El resultado de esta drástica separación del economismo es una hiperpolitización. Lo que ahora domina en solitario es la política, no la economía. Pero según este argumento, resulta imposible decir de qué trata realmente la política. No existe una «materia prima» sobre la que actúen la política y la ideología, pues los intereses sociales son el producto de éstas, y no la causa de la que surgen.

Atentos a estos y otros problemas, los posmarxistas Ernesto Laclau y Chantal Mouffe nos ofrecen en su obra Hegemonía y estrategia socialista, una versión modificada de la posición de Hindess y Hirst. Suscriben íntegramente su doctrina según la cual, en palabras de los primeros, «no existe conexión lógica alguna» entre la posición de clase y la política/ideológica. También señalan que «la hegemonía presupone la construcción de la identidad misma de los agentes sociales. Laclau y Mouffe pintan una imagen más matizada que Hindess y Hirst. Introducen algunas cautas cualificaciones. Su posición es que la hegemonía construye la identidad misma de los agentes o elementos en cuestión; pero en otros lugares de su texto la representación hegemónica «modifica» o «contribuye a» los intereses sociales representados, lo que significaría que ejercen cierta influencia y autonomía propias. En otro lugar sugieren que la identidad de los elementos se «modifica al menos parcialmente» por su articulación hegemónica. Una vez hegemonizados políticamente los agentes sociales, su identidad deja de estar constituida «exclusivamente» por su ubicación social. Si esto es así, el proceso hegemonizador parece tan dominante y totalizador como lo era «la economía» para el marxismo «vulgar». Así, la lógica de la política de Laclau y Mouffe no coincide totalmente con la lógica de una teoría postestructuralista consumada que no reconociera una realidad «dada» más allá del omnipotente dominio del significante.

Hegemonía y estrategia socialista tiene al menos un rechazo inequívoco de la noción de «intereses objetivos», a la que no encuentra sentido alguno. Para Laclau y Mouffe, los intereses objetivos significan algo igual que los intereses que nos proporciona automáticamente nuestro lugar en las relaciones de producción. Pero ya hemos visto que hay formas más interesantes de formular este concepto. Un interés objetivo significa, entre otras cosas, un curso de acción que de hecho va en mi interés pero que yo no reconozco actualmente como tal. Una rama particular de la semiótica fue el medio esencial por el que todo un sector de la izquierda política cambió su base política del revolucionismo al reformismo. Y, a pesar de sus indudables logros, la teoría del discurso proporcionó la ideología de esta retirada política.

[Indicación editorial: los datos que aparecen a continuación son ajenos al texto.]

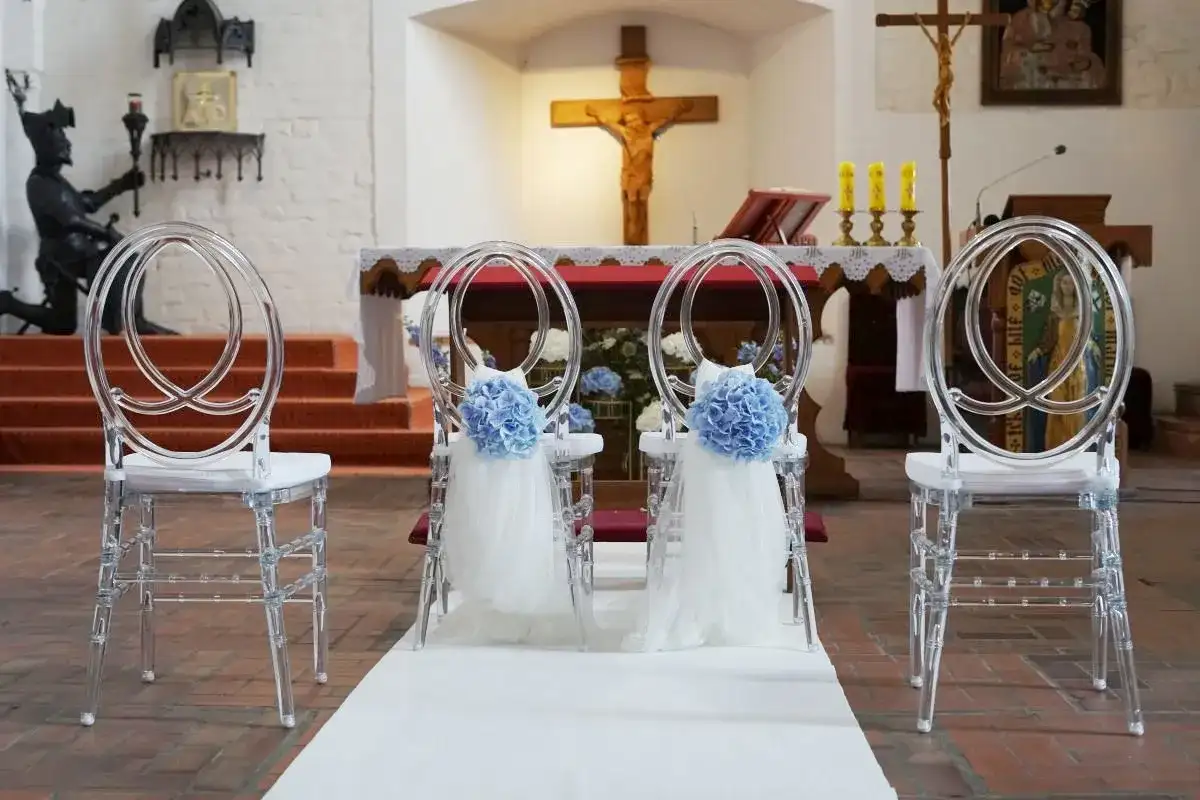 Elegancka dekoracja kościoła na ślub samemu: przezroczyste krzesła z błękitnymi kwiatami i tiulem, biały dywan prowadzący do ołtarza.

Con Laclau y Mouffe, llega a su apogeo lo que Perry Anderson ha denominado la «inflación del discurso» en el pensamiento postestructuralista. Ellos niegan toda validez a la distinción entre prácticas «discursivas» y «no discursivas», en razón de que una práctica está estructurada de acuerdo con un discurso. La réplica sumaria a esto es que una práctica puede estar organizada como un discurso, pero de hecho es una práctica más que un discurso. La categoría de discurso se infla hasta el punto en que «imperializa» el mundo entero, borrando la distinción entre pensamiento y realidad material. Esto tiene por efecto socavar la crítica de la ideología. Aquí, el lenguaje neonietzscheano del posmarxismo, para el cual hay poco o nada «dado» en la realidad, pertenece a un periodo de crisis política. Los teóricos del discurso posmarxistas deben proscribir la cuestión del origen de las ideas; pues lo que se postula como una tesis universal sobre el discurso, la política y los intereses, como sucede a menudo con las ideologías, está atento a todo menos a sus propias bases históricas de posibilidad.